→ What you have to do: Please print every line from the one containing "miguel hz online" through the last line of the records below, exactly as written and nothing more.

→ Entries shown:
————
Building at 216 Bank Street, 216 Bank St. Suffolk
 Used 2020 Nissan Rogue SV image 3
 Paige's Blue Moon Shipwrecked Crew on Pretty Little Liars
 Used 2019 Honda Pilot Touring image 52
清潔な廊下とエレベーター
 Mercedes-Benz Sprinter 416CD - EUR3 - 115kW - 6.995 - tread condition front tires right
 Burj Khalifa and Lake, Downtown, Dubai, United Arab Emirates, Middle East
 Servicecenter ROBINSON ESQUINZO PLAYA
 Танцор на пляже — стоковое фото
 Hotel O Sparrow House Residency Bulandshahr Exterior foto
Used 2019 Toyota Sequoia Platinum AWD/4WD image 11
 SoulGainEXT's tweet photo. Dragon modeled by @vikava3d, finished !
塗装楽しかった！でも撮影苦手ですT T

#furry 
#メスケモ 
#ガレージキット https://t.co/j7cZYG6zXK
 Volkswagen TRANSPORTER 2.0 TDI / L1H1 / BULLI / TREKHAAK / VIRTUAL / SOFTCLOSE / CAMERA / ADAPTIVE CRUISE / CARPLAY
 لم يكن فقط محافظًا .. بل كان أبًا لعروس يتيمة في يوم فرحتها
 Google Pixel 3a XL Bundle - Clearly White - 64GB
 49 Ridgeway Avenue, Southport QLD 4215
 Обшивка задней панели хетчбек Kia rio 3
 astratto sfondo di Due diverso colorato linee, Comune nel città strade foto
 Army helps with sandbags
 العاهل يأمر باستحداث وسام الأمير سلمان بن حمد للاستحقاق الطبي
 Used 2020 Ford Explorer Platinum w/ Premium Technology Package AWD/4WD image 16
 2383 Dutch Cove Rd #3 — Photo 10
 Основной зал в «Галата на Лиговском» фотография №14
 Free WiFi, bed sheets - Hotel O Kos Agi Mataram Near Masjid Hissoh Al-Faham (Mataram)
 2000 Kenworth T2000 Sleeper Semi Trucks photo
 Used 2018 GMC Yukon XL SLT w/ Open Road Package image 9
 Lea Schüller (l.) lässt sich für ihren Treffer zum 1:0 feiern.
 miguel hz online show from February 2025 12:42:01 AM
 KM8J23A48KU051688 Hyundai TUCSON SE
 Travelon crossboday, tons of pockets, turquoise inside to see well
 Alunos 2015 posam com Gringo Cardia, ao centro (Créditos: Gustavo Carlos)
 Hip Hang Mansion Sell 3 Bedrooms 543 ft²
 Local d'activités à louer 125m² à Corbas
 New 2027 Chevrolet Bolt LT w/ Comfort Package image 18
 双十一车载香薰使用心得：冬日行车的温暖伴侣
————
→ Result of this task:
 miguel hz online show from February 2025 12:42:01 AM
 KM8J23A48KU051688 Hyundai TUCSON SE
 Travelon crossboday, tons of pockets, turquoise inside to see well
 Alunos 2015 posam com Gringo Cardia, ao centro (Créditos: Gustavo Carlos)
 Hip Hang Mansion Sell 3 Bedrooms 543 ft²
 Local d'activités à louer 125m² à Corbas
 New 2027 Chevrolet Bolt LT w/ Comfort Package image 18
 双十一车载香薰使用心得：冬日行车的温暖伴侣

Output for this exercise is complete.